INSTRUCTIONS FOR THE TASK ->
Tally the lines in these records that hold the string "flower", and reply with the number alone.

Caption-style text data:
· · · · ·
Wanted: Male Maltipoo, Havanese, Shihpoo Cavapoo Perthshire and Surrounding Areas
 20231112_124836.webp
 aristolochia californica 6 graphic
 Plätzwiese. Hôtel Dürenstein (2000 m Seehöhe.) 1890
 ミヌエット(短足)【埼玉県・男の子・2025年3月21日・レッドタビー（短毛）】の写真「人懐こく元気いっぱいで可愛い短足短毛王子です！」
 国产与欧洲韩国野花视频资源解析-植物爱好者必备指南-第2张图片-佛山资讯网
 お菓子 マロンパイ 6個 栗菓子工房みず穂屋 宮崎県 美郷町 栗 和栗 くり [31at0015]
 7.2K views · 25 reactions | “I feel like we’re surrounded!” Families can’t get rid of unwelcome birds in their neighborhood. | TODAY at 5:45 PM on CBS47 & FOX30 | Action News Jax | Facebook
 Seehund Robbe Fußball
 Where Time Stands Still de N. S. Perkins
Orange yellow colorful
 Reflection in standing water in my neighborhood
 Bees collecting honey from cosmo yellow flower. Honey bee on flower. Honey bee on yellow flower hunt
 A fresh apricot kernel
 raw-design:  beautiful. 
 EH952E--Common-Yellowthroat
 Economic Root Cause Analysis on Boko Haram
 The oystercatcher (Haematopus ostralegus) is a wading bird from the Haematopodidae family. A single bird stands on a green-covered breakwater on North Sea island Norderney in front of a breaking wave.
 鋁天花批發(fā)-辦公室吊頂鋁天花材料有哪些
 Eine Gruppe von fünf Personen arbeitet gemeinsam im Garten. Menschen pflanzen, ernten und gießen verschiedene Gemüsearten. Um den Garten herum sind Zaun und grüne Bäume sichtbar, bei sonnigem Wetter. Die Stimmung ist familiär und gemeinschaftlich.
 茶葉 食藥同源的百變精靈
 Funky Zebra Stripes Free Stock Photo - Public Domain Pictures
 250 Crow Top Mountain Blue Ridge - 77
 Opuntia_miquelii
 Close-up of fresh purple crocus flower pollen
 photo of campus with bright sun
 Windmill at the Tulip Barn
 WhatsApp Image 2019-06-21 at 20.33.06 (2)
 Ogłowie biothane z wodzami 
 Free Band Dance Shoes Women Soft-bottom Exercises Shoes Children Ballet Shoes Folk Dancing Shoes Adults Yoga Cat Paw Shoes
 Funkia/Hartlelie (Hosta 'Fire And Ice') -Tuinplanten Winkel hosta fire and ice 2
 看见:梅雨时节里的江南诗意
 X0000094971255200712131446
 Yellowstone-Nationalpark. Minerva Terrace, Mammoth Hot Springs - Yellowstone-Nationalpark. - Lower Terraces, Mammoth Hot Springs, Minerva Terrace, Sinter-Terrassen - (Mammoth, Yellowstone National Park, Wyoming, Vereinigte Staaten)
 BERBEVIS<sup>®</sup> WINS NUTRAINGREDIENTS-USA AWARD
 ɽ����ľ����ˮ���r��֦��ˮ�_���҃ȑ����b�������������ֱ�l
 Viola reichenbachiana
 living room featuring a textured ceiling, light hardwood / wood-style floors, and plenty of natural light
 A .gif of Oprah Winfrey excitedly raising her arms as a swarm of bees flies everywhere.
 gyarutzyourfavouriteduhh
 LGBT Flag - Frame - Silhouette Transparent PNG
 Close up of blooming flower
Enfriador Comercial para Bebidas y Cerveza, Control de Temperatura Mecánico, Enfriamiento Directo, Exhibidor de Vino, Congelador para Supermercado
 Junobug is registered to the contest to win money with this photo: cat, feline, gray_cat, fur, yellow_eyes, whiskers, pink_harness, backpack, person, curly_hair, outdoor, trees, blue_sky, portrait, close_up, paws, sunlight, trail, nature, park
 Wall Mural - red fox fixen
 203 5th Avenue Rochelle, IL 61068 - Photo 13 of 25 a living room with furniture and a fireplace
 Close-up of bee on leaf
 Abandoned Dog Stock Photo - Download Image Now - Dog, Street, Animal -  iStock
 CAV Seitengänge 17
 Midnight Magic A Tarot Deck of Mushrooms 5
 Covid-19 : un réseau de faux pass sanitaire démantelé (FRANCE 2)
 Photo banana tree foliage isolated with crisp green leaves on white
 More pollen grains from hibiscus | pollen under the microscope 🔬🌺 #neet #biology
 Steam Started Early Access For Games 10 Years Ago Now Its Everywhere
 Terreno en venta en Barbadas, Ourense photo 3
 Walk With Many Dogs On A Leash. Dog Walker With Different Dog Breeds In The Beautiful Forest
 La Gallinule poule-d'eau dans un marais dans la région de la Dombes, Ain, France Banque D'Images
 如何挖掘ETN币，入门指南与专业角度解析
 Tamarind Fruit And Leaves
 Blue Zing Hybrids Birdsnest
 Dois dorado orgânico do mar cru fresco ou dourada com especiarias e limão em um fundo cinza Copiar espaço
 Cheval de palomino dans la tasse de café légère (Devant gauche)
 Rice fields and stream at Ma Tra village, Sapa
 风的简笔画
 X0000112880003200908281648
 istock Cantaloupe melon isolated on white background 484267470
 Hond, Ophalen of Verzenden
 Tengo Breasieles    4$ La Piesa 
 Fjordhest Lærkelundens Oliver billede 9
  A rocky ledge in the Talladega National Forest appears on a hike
· · · · ·
ANSWER BELOW ->
3